THE PROBLEM
Using the data below, determine the number of lines that include the string "National". Write only that number.

-- DATASET EXCERPTS follows --

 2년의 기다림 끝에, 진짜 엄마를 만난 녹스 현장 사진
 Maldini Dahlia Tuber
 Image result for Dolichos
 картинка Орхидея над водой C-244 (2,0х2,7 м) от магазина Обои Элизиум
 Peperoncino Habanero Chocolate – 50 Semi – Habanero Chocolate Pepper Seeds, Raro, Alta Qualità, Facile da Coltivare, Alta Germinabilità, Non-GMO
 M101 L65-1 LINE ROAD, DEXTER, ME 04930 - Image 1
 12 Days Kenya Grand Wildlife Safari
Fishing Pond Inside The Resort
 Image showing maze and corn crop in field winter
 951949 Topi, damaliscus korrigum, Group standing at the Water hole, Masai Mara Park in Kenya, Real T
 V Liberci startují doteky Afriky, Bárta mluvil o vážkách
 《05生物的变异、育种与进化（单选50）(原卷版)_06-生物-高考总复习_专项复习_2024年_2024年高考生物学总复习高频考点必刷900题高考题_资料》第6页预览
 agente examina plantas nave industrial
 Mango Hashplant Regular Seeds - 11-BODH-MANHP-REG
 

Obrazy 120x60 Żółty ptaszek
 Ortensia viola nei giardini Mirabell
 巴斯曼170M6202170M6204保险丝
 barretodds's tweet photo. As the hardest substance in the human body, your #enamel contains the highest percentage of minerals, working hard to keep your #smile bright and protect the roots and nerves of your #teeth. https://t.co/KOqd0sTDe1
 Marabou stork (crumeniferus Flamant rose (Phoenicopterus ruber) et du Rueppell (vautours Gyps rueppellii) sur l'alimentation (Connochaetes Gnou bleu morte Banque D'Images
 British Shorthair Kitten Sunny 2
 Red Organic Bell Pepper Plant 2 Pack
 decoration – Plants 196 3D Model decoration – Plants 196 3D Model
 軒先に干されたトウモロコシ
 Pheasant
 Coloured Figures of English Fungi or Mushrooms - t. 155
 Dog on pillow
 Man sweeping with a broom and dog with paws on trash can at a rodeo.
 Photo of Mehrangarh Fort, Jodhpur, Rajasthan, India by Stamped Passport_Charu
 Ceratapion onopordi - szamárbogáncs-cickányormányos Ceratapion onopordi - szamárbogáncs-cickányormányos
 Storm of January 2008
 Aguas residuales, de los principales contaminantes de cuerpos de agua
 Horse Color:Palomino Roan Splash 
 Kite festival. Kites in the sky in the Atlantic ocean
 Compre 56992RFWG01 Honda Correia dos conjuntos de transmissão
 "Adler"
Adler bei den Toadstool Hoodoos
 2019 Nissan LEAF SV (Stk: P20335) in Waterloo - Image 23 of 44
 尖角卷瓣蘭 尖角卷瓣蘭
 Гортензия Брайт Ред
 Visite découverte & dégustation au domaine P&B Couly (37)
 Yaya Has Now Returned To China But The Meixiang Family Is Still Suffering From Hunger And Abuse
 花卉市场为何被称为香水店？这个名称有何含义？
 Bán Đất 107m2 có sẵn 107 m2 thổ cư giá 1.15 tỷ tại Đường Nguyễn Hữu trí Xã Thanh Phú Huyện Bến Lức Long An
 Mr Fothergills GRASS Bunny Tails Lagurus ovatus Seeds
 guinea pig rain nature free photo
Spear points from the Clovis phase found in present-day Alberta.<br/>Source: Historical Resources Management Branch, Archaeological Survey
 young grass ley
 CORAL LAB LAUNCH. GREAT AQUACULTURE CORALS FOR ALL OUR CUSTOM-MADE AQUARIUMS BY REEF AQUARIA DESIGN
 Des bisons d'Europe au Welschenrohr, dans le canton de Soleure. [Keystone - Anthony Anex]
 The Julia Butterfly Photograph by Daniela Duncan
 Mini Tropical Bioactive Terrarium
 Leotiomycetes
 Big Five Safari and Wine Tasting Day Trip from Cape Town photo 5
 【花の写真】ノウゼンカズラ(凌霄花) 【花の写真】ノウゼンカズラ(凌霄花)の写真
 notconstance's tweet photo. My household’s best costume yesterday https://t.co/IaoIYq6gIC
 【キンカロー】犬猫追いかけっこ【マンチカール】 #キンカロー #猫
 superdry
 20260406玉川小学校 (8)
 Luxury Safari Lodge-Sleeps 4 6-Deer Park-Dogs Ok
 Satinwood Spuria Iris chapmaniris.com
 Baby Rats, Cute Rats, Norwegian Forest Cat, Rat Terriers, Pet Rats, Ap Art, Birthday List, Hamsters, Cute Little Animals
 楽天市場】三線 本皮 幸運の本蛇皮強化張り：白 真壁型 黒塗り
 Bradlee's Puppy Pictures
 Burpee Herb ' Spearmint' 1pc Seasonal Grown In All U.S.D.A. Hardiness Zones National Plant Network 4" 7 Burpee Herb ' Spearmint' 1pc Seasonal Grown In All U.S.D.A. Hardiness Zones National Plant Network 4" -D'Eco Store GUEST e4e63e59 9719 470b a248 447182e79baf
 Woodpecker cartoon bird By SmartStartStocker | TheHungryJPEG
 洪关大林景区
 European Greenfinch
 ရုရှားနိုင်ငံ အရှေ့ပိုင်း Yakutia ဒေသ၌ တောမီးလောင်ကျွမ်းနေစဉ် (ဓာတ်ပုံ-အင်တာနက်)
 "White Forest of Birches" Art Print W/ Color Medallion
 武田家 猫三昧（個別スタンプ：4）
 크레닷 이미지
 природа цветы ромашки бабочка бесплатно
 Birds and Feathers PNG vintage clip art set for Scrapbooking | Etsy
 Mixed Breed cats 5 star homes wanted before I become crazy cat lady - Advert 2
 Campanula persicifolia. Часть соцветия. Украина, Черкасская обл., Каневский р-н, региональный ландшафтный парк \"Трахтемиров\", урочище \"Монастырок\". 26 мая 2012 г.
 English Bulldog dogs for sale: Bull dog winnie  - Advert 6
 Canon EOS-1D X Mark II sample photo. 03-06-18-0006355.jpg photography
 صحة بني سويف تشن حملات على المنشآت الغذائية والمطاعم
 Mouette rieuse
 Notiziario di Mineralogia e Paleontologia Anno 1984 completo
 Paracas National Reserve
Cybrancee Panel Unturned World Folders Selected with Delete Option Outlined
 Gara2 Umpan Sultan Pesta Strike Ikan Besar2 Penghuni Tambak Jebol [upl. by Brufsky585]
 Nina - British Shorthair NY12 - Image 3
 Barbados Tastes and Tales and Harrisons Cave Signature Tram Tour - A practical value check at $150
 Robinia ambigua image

-- DATASET EXCERPTS concluded --

RESPONSE FOR THIS EXERCISE
2